Chocolate Sheet Cake

By

Vintage Southern – the ultimate comfort food cake.

  • 15

Ingredients

  • 2 cups all-purpose or cake flour
  • 2 cups sugar
  • 1 stick butter
  • 1 cup canola oil
  • 4 Tablespoons cocoa powder
  • 1 cup water
  • 1/2 cup buttermilk (or substitute)
  • 1 teaspoon salt
  • 1 teaspoon baking soda
  • 1 teaspoon cinnamon
  • 2 eggs
  • ICING
  • 1 stick butter
  • 6 Tablespoons milk
  • 4 Tablespoons cocoa powder
  • 1 teaspoon vanilla
  • 1 box (3-4 cups) confectioner's sugar, sifted
  • 1 cup of chopped walnuts or pecans (optional)

Preparation

Step 1

Preheat oven to 400 degrees.

In a large bowl, combine and set aside the flour and sugar.

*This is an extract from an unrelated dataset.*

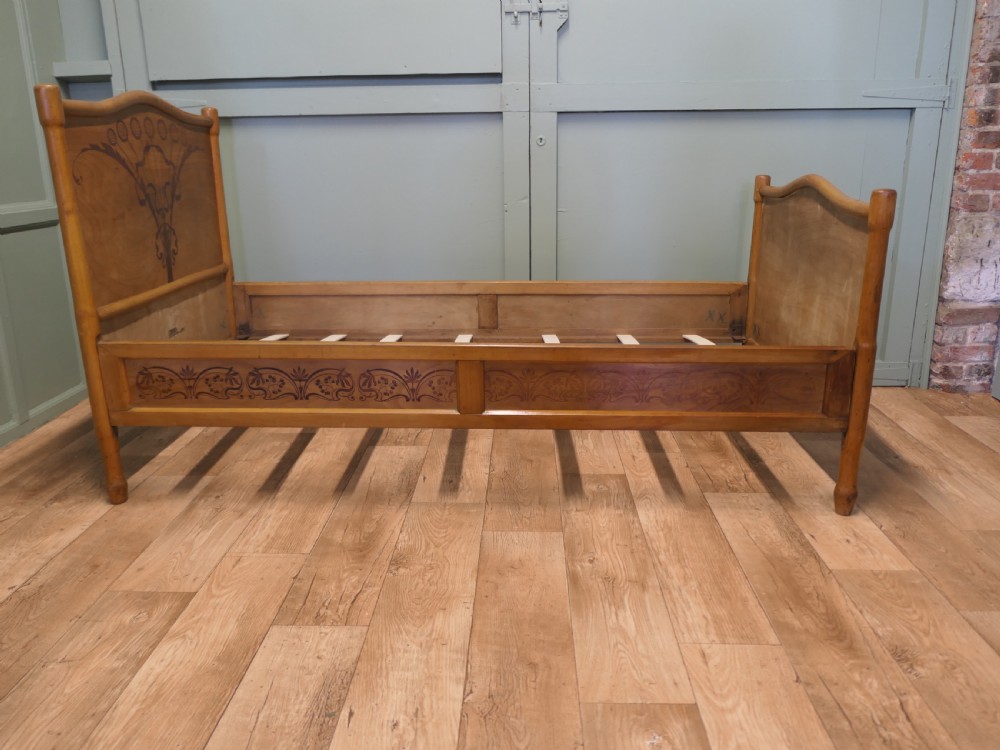An antique Vienna Secession single wooden bedstead featuring arched headboard and footboard panels decorated with stylised botanical marquetry motifs. View V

In a small saucepan, combine the butter, canola oil, 4 tablespoons of cocoa powder and water.

Stirring constantly, heat til the butter melts and pour over dry ingredients.

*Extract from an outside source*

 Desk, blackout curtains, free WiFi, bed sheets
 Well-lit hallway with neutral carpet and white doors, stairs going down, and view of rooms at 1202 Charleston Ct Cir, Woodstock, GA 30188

Add the buttermilk**, salt, baking soda, cinnamon and eggs. Mix well.

[**As a substitute for buttermilk, combine 1/2 cup of milk and 1 1/2 teaspoons of lemon juice or white vinegar. Stir, then let sit for at least 15 minutes.]

Pour into a 9"x12" or 10"x13" oblong baking dish and bake for 20-40 minutes (depending on dish size, material and oven). Do not overbake! As soon as the cake is firm in the middle, it’s done.

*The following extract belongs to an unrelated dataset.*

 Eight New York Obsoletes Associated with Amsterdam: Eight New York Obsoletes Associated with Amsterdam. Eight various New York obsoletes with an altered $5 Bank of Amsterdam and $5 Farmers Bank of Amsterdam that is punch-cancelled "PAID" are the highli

While the cake is hot, pour on the icing.

ICING
In a medium saucepan, combine butter, milk, cocoa powder and vanilla. Stir til butter melts.

Gradually add the confectioner's sugar, a small amount at a time. Stir after each addition until the sugar is blended completely. If desired add nuts.